Above all, what matters most is maintaining confidence in the 2% inflation target, and we will take the steps needed to do so."
▶ What is the basis for believing that current monetary policy can lower inflation.
"The current policy rate can be seen as positioned between neutral and restrictive—that is, mildly restrictive.
A key part of the disinflation process going forward is that the tariff effects gradually fade. As that process proceeds, goods prices may return to levels similar to the past.
But we also have to consider downside risks in the labor market. If policy becomes overly restrictive, it could have negative effects on employment. So we are balancing upside risks to inflation against downside risks to employment."
▶ Can the current situation be viewed as stagflation.

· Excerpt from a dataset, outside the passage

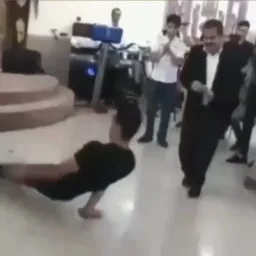 Man dancing and old man falling down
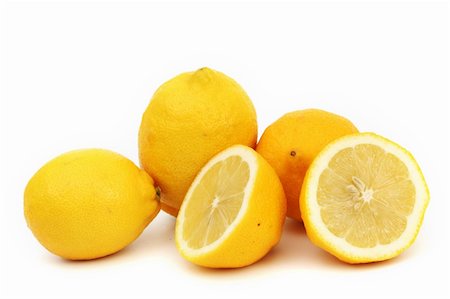 simsearch:400-04716078,k - yellow lemons slice pile isolated on white Stock Photo - Budget Royalty-Free & Subscription, Code: 400-05882938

"No. Stagflation refers to a situation like the 1970s, when both unemployment and inflation were very high. Today, unemployment is close to its long-run average, and inflation is not at a level that high.
That said, it is appropriate to view the current environment as a 'tense situation' in which upside risks to inflation and downside risks to employment exist at the same time.
▶ What will you do if a successor chair is not confirmed.
"Under the law, I will continue to perform my duties as acting chair. Also, I have no plan to step down from the Fed (as a governor) until the Justice Department investigation is concluded.
▶ What does the future policy direction depend on.
"The most important variable is how the situation in the Middle East develops. We will have more information by the next meeting, and we will make our judgment accordingly.
Given the very high level of uncertainty at present, it is not appropriate to assume a particular path."